» Task objective
Would you return each record that follows word for word, without its pictures?

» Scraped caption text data
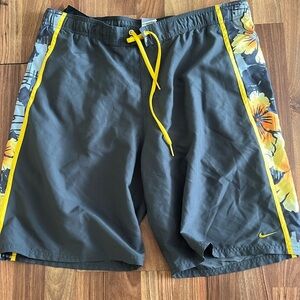 Nike tropical board shorts
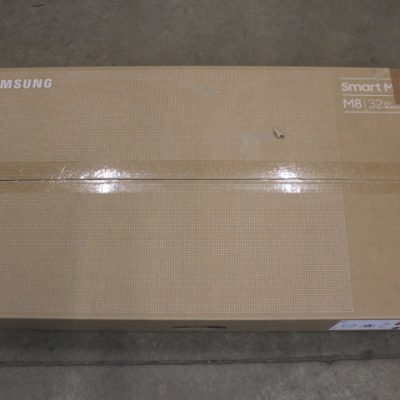 SALE OUT. Samsung LS32FM801UUXDU 32 " VA 16:9 60 Hz 4 ms 3840 x 2160 pixels 400 cd/m² HDMI ports quantity 1 White Warranty 24 month(s) DAMAGED PACKAGING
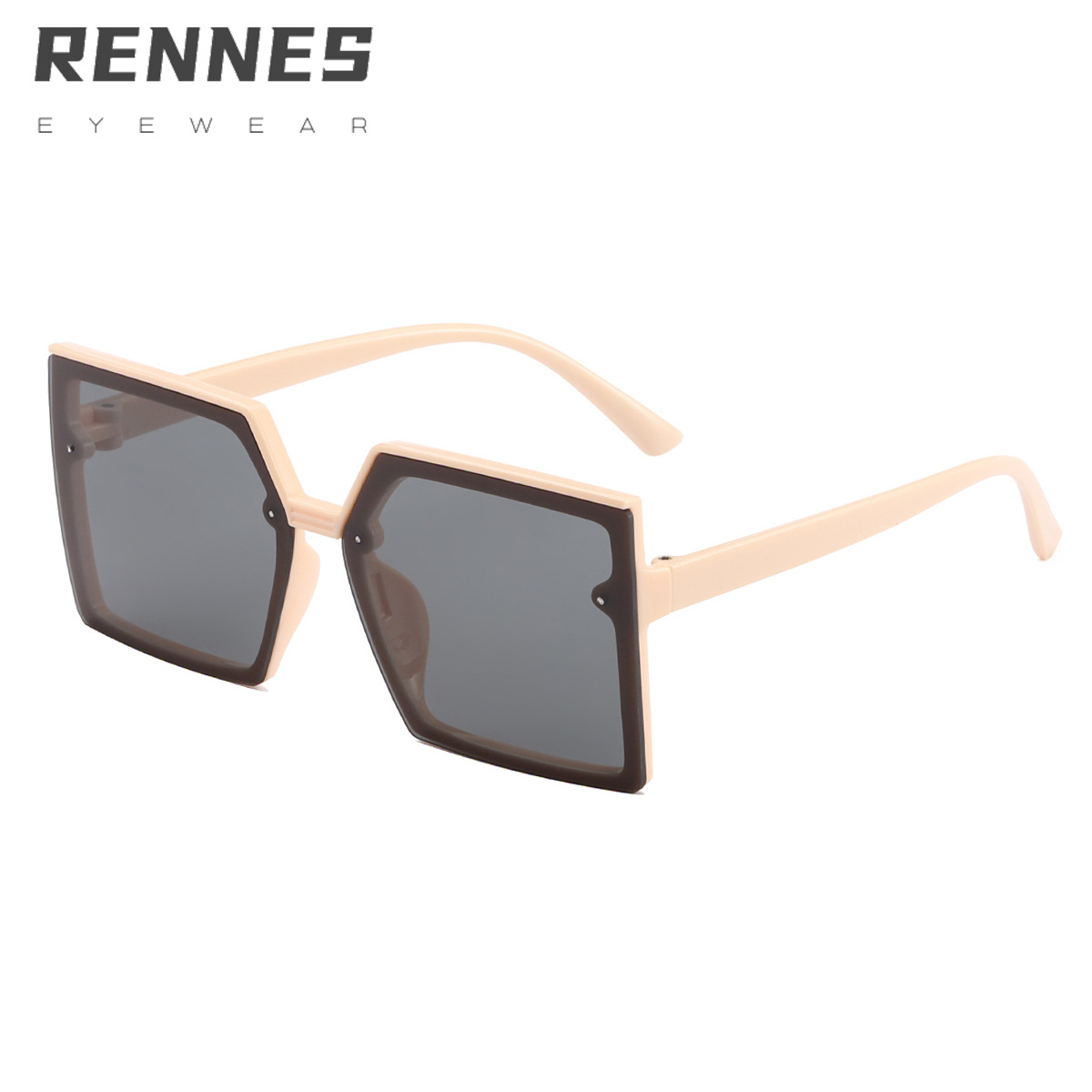 2021 nuevo cuadrado gafas de sol de moda para niños tendencia retro sol gafas de sol para niños y niñas gafas 8829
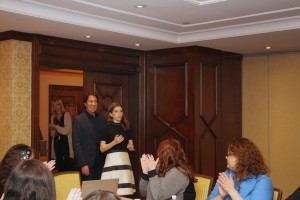Anna Kendrick and Rob Marshall Interview Into the Woods #intothewoodsevent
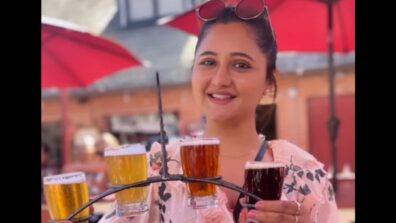 Cheers and Beers: Rashami Desai’s ‘thanda thanda cool cool’ moment in her USA solo trip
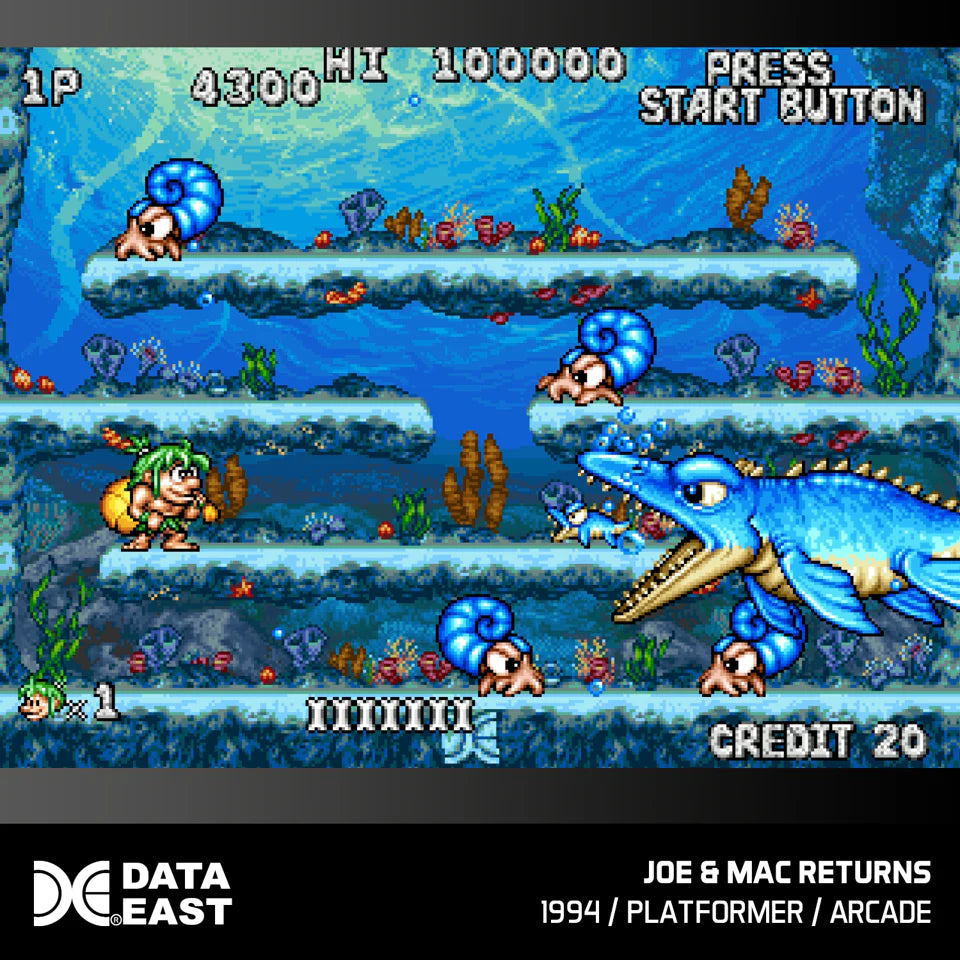 Blaze Evercade Data East Arcade Collection 2 – Cartridge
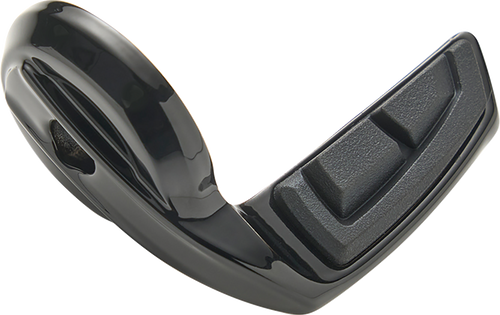 CIRO 54022 Throttle Wing - Chicane™ Grips Black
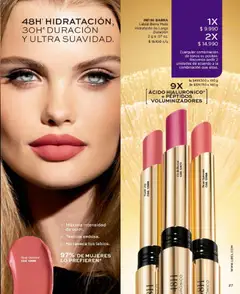 Catálogo L'Bel Campaña 10 válido desde el 01.06.2026 | Página: 27 | Productos: Mate, Labial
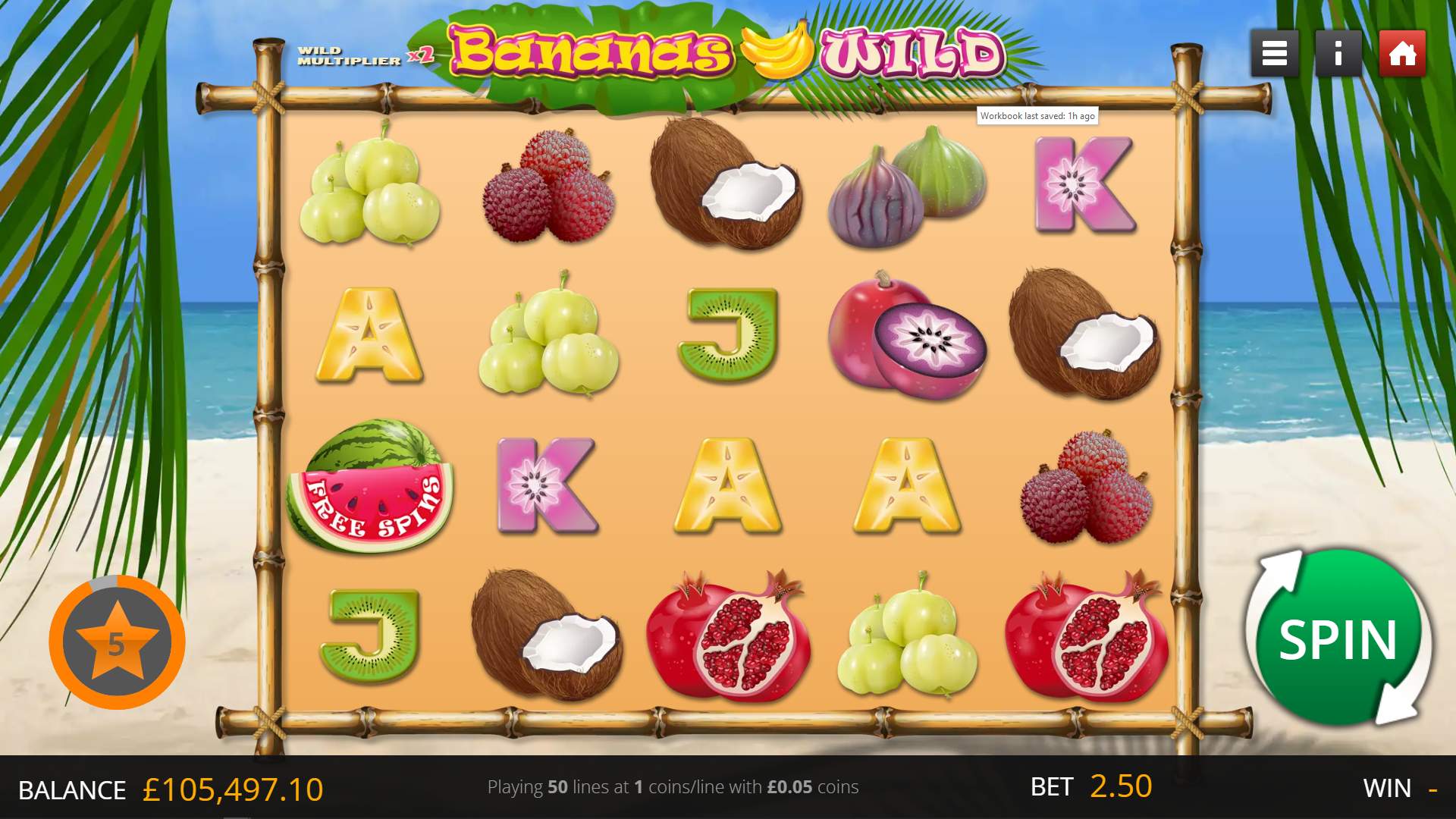 The Mathematics of Paradise: A Technical Deep-Dive into Bananas Wild - Image
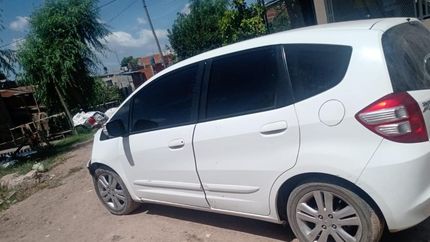 El auto robado.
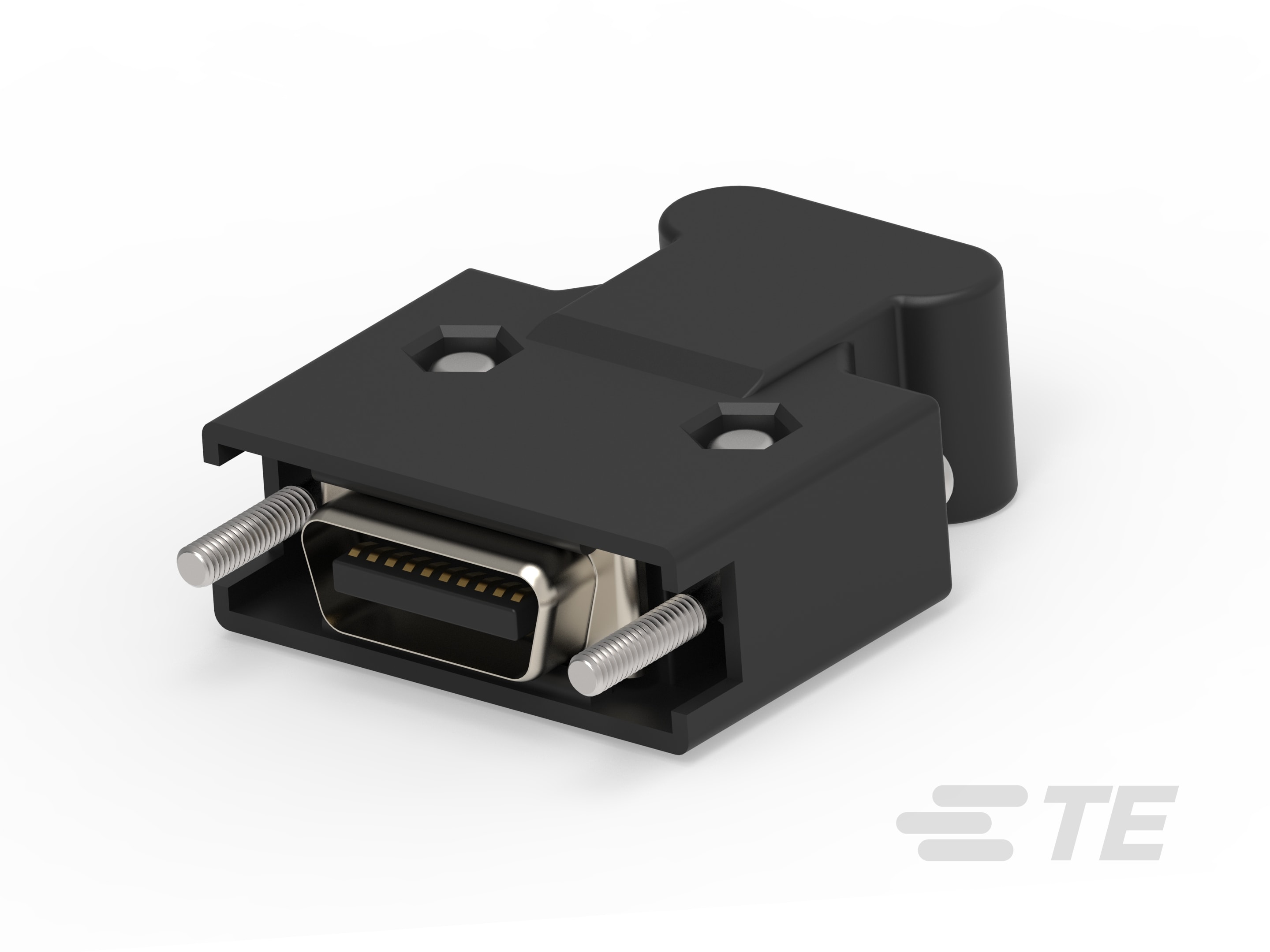 SCSI .050 PLUG ASS'Y 20P-2-2232346-1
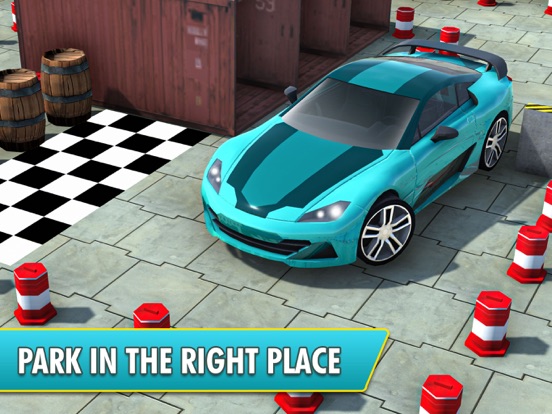 Blondie Car Parking: Car Games iPad screenshot 8 - Games app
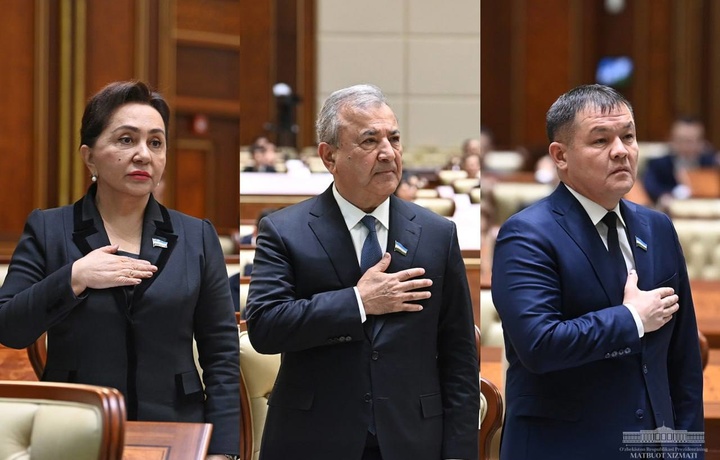 Senatni Tanzila Narbayeva, Sodiq Safoyev va Amanbay Orinbayev «uchligi» boshqaradi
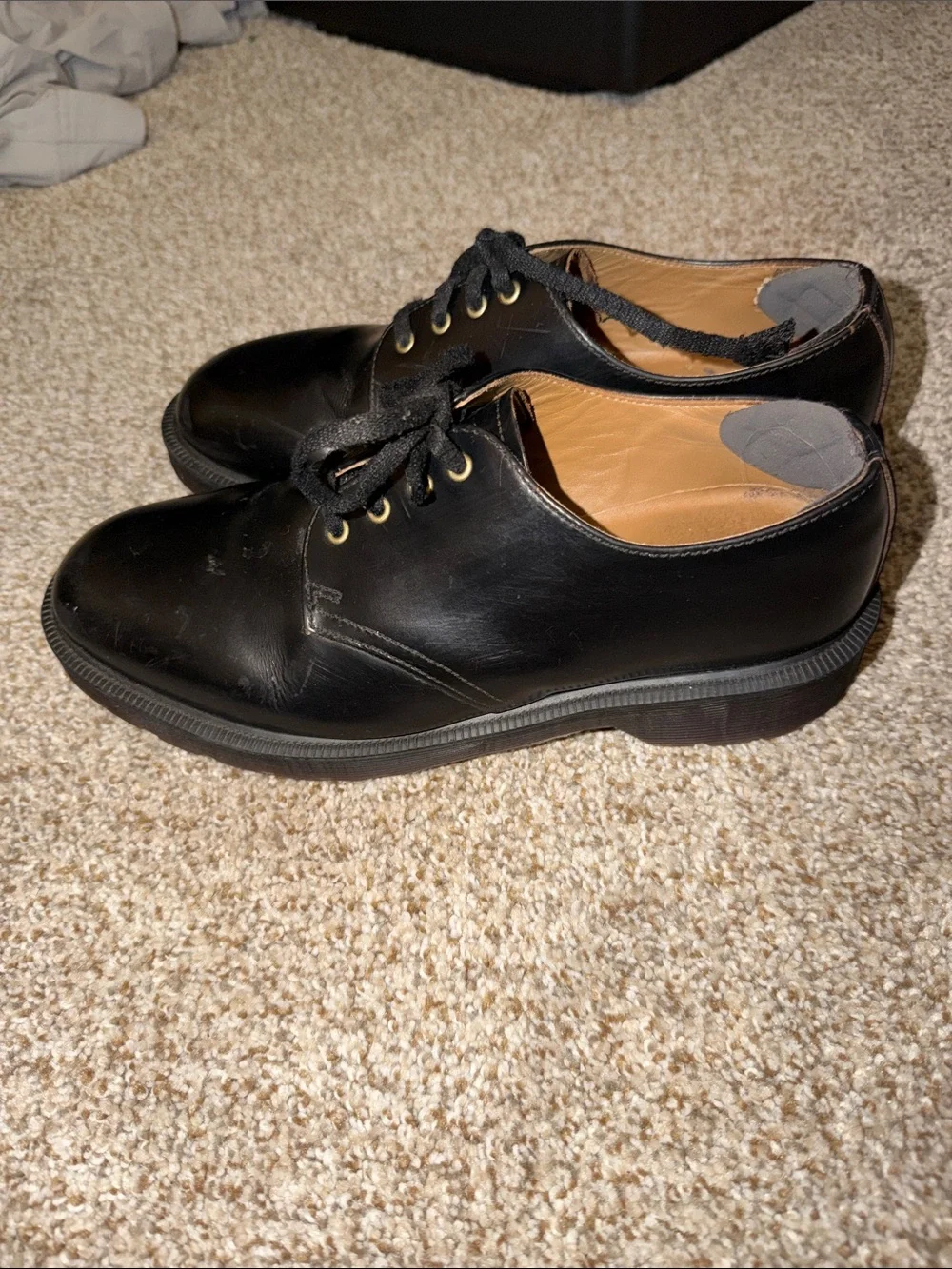 Dr martens Smith Lace Up Low top Oxfords Unisex 7 men’s and size 8.5 women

» Exercise output
 Nike tropical board shorts
 SALE OUT. Samsung LS32FM801UUXDU 32 " VA 16:9 60 Hz 4 ms 3840 x 2160 pixels 400 cd/m² HDMI ports quantity 1 White Warranty 24 month(s) DAMAGED PACKAGING
 2021 nuevo cuadrado gafas de sol de moda para niños tendencia retro sol gafas de sol para niños y niñas gafas 8829
Anna Kendrick and Rob Marshall Interview Into the Woods #intothewoodsevent
 Cheers and Beers: Rashami Desai’s ‘thanda thanda cool cool’ moment in her USA solo trip
 Blaze Evercade Data East Arcade Collection 2 – Cartridge
 CIRO 54022 Throttle Wing - Chicane™ Grips Black
 Catálogo L'Bel Campaña 10 válido desde el 01.06.2026 | Página: 27 | Productos: Mate, Labial
 The Mathematics of Paradise: A Technical Deep-Dive into Bananas Wild - Image
 El auto robado.
 SCSI .050 PLUG ASS'Y 20P-2-2232346-1
 Blondie Car Parking: Car Games iPad screenshot 8 - Games app
 Senatni Tanzila Narbayeva, Sodiq Safoyev va Amanbay Orinbayev «uchligi» boshqaradi
 Dr martens Smith Lace Up Low top Oxfords Unisex 7 men’s and size 8.5 women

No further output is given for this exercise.